(Saved data entries)
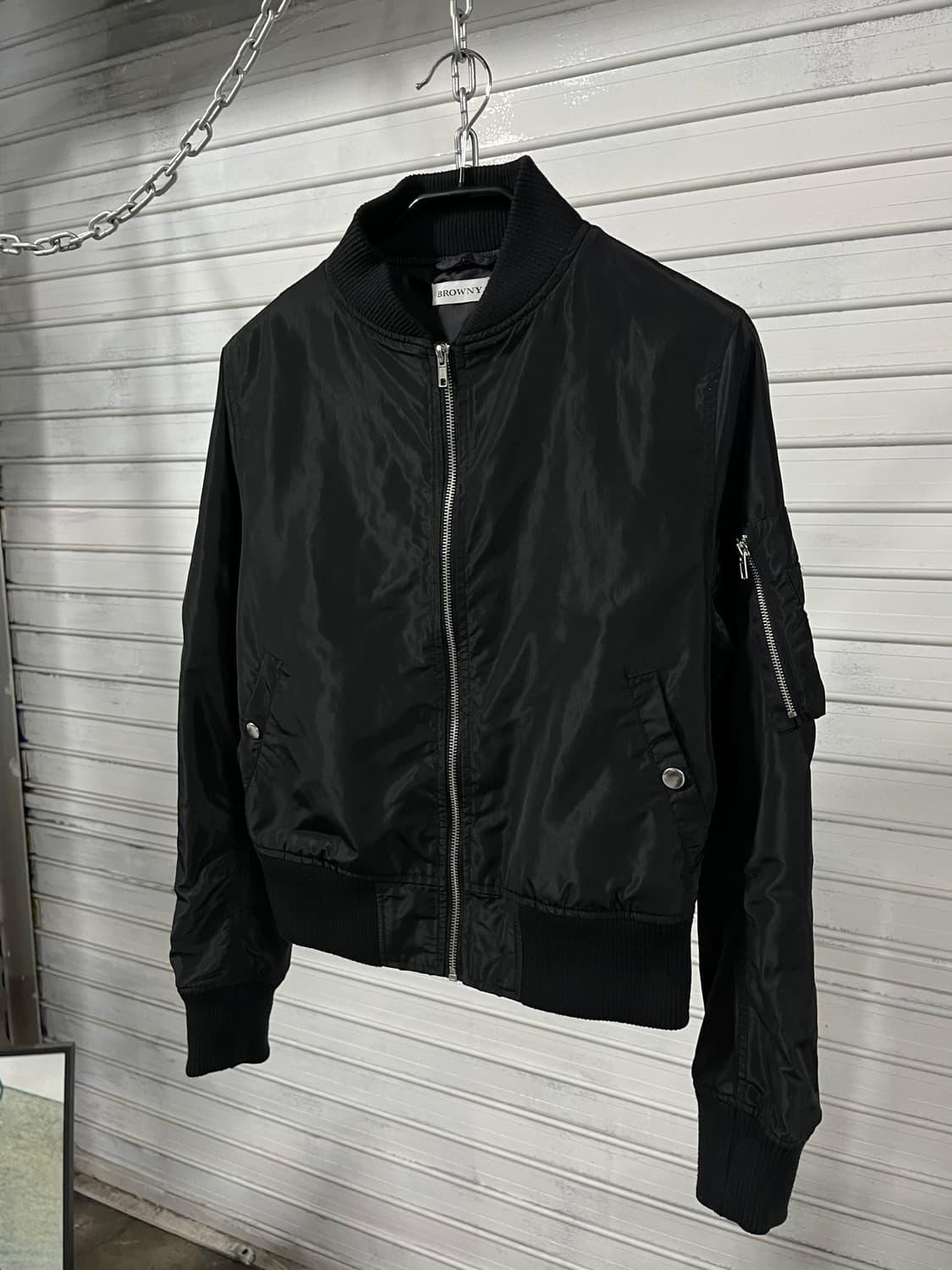 Browny nylon ma-1 jacket 상품이미지6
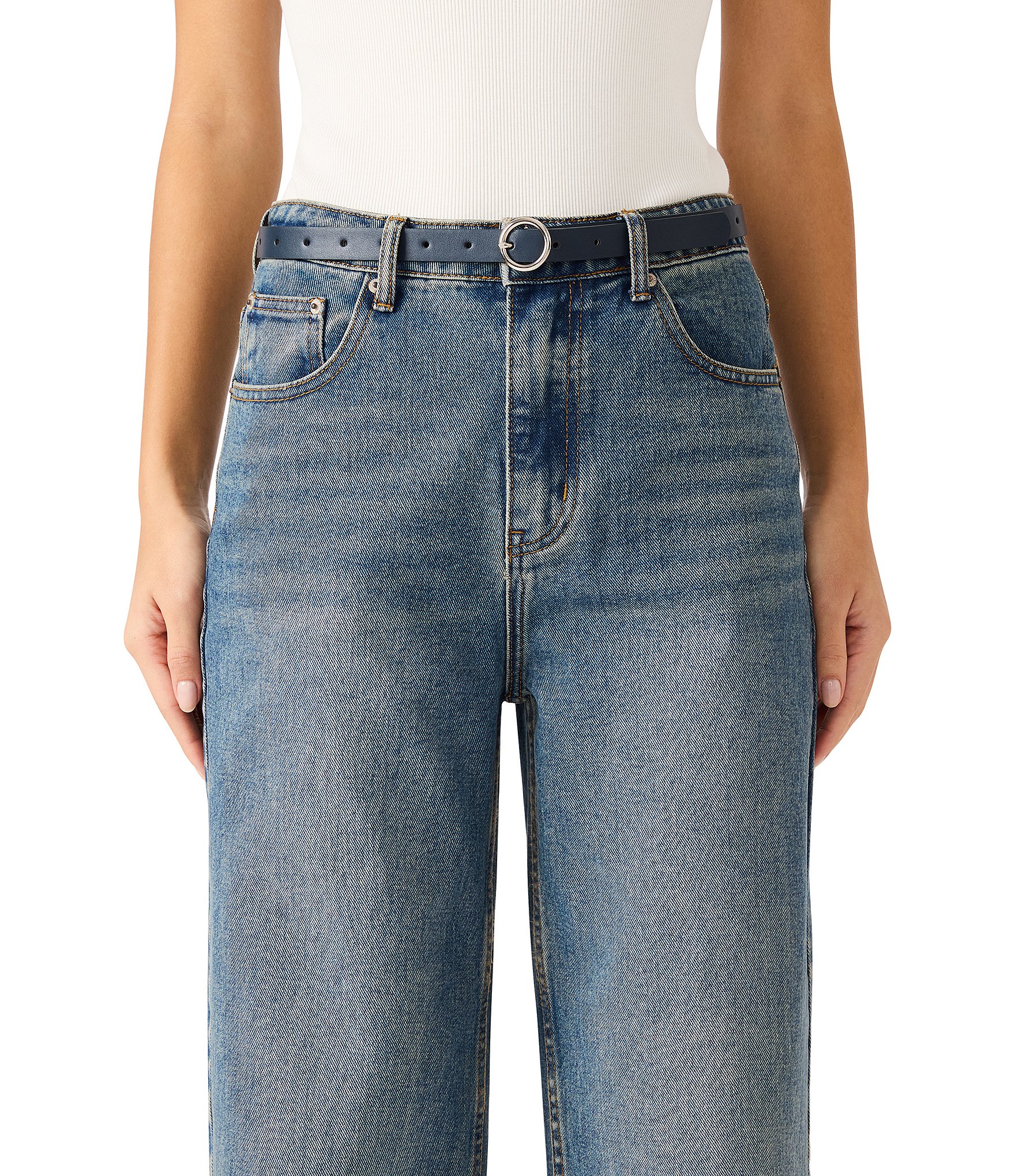 Dillard's Americana 3-For-1 Belt Set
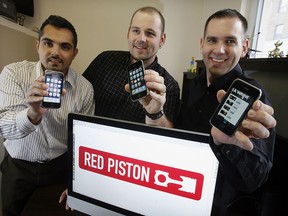 Ali Al-Aasm, left, Jakub Koter and Andy Kale of Red Piston are pictured in this file photo. (NICK BRANCACCIO/The Windsor Star)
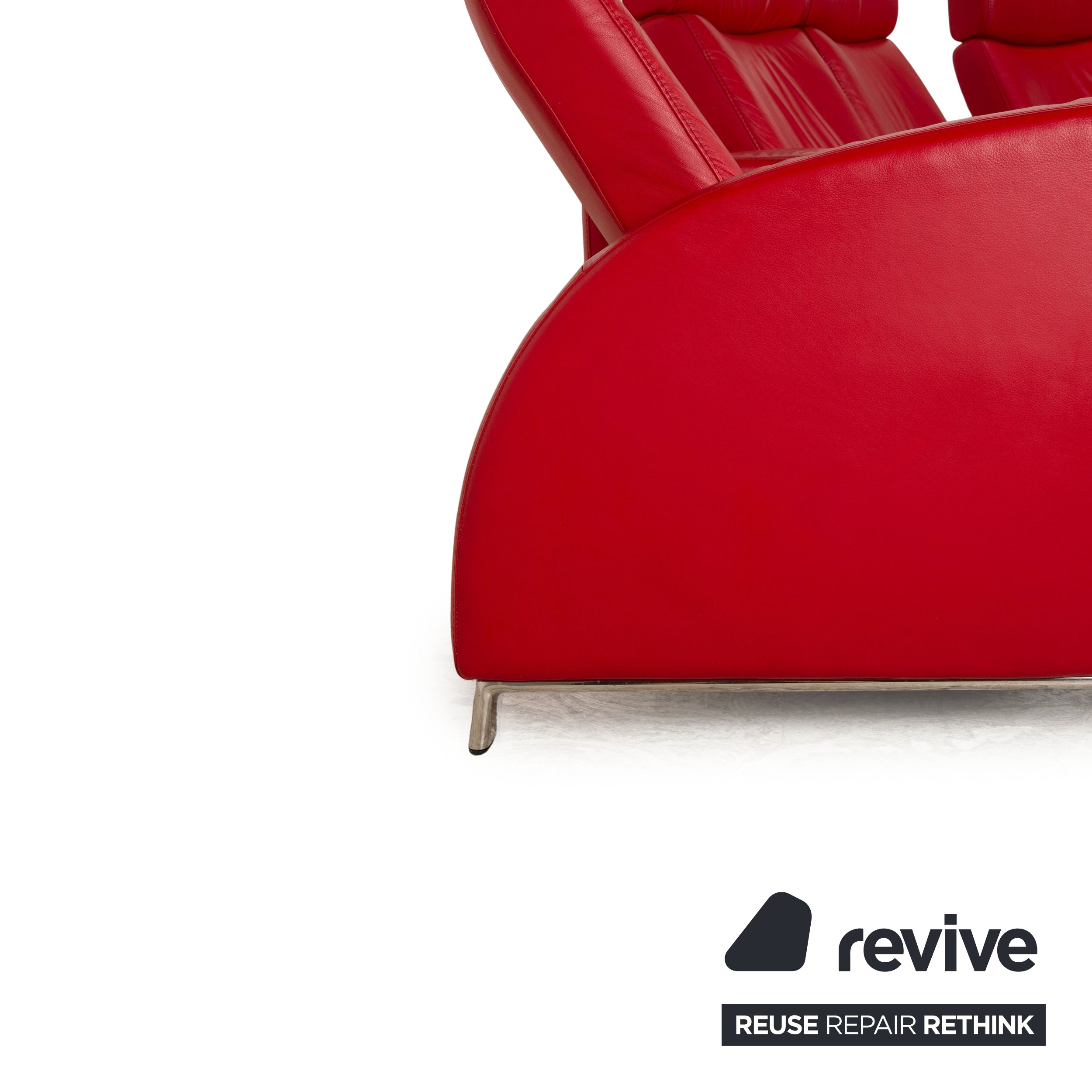 Stressless Arion Canapé en Cuir Rouge Quatre Places Home Cinéma Fonction Relax Fonction Manuelle Canapé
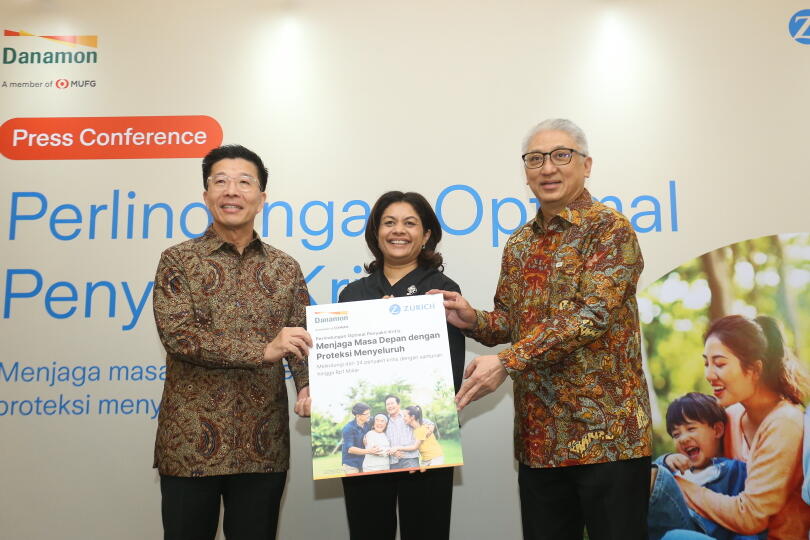 PERLINDUNGAN -- PT Zurich Asuransi Indonesia Tbk (Zurich) bersama PT Bank Danamon Indonesia Tbk (Danamon) berkolaborasi menyediakan Perlindungan Optimal Penyakit Kritis.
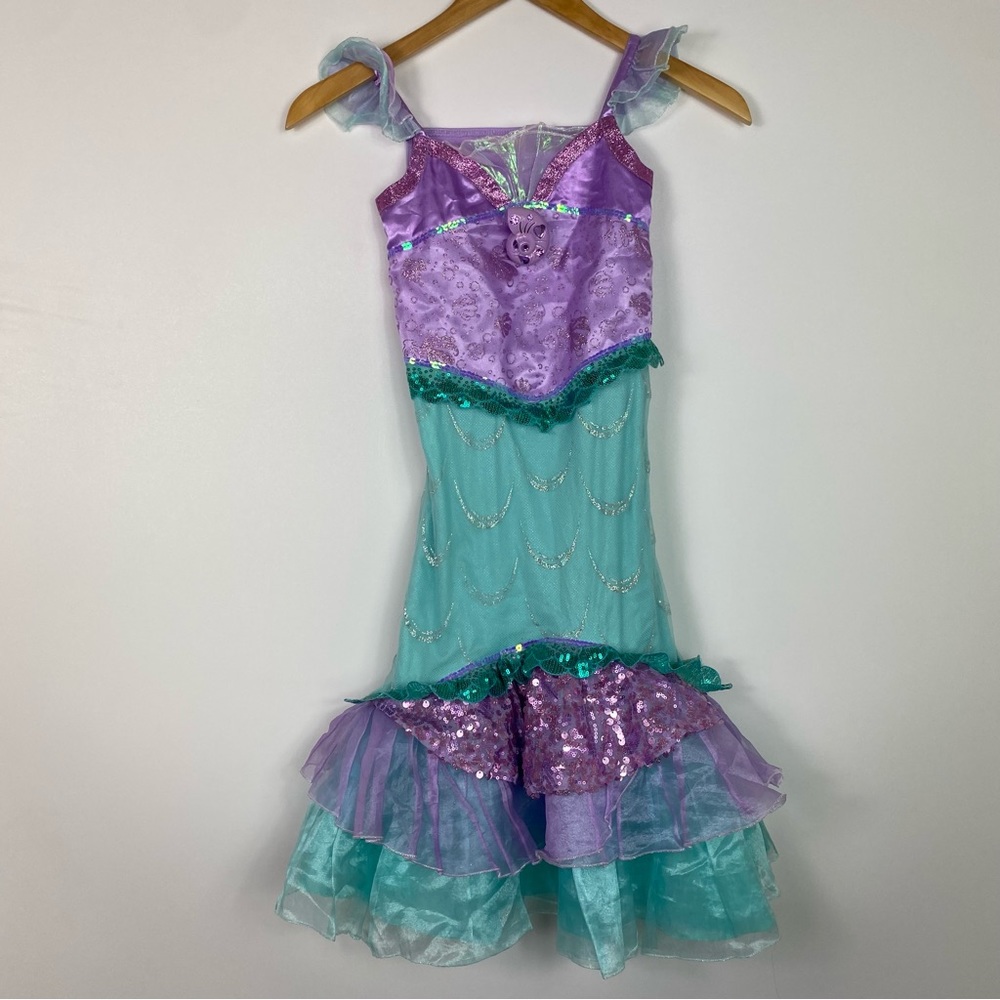 Disney parks little mermaid costume dress 5/6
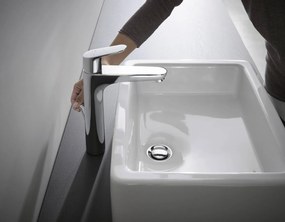 Hansgrohe Focus E2, umývadlová batéria s výpustom, chrómová, HAN-31608000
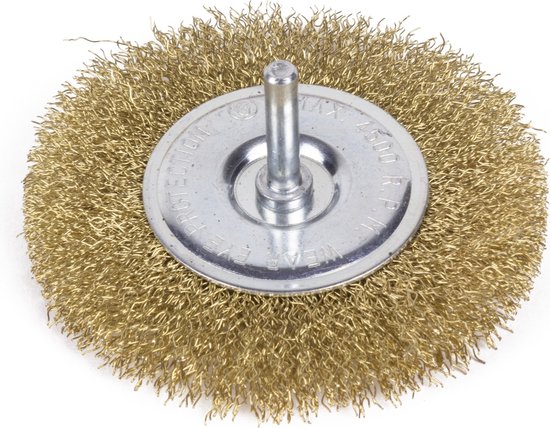 Staalborstel voor boormachine vlak 100 mm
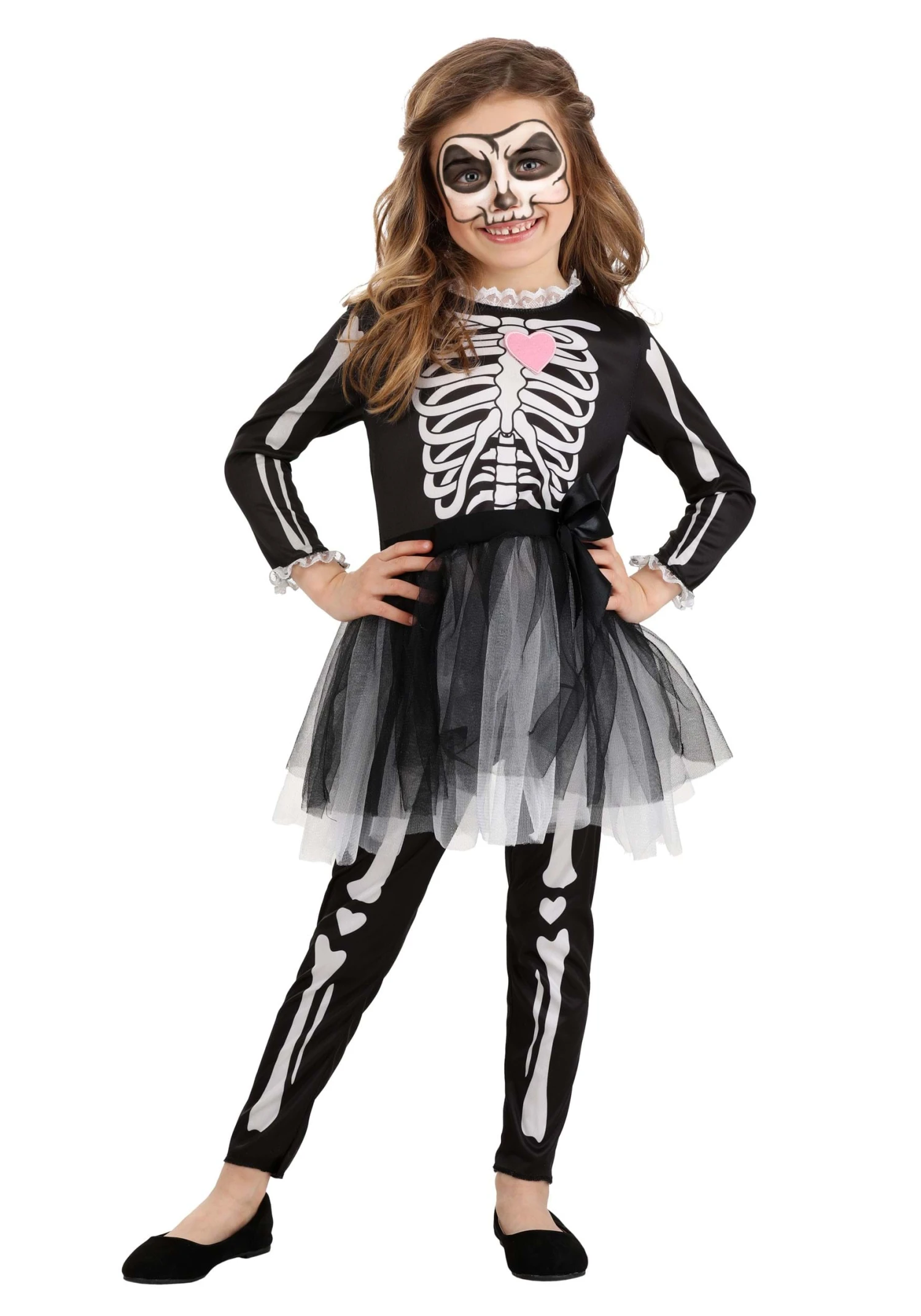 Skeleton Dress Costume For Kids 1 Skeleton Dress Costume For Kids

Problem statement: Leave the pictures out, and transcribe each of the records exactly.

Exercise result:
 Browny nylon ma-1 jacket 상품이미지6
 Dillard's Americana 3-For-1 Belt Set
 Ali Al-Aasm, left, Jakub Koter and Andy Kale of Red Piston are pictured in this file photo. (NICK BRANCACCIO/The Windsor Star)
 Stressless Arion Canapé en Cuir Rouge Quatre Places Home Cinéma Fonction Relax Fonction Manuelle Canapé
 PERLINDUNGAN -- PT Zurich Asuransi Indonesia Tbk (Zurich) bersama PT Bank Danamon Indonesia Tbk (Danamon) berkolaborasi menyediakan Perlindungan Optimal Penyakit Kritis.
 Disney parks little mermaid costume dress 5/6
 Hansgrohe Focus E2, umývadlová batéria s výpustom, chrómová, HAN-31608000
 Staalborstel voor boormachine vlak 100 mm
 Skeleton Dress Costume For Kids 1 Skeleton Dress Costume For Kids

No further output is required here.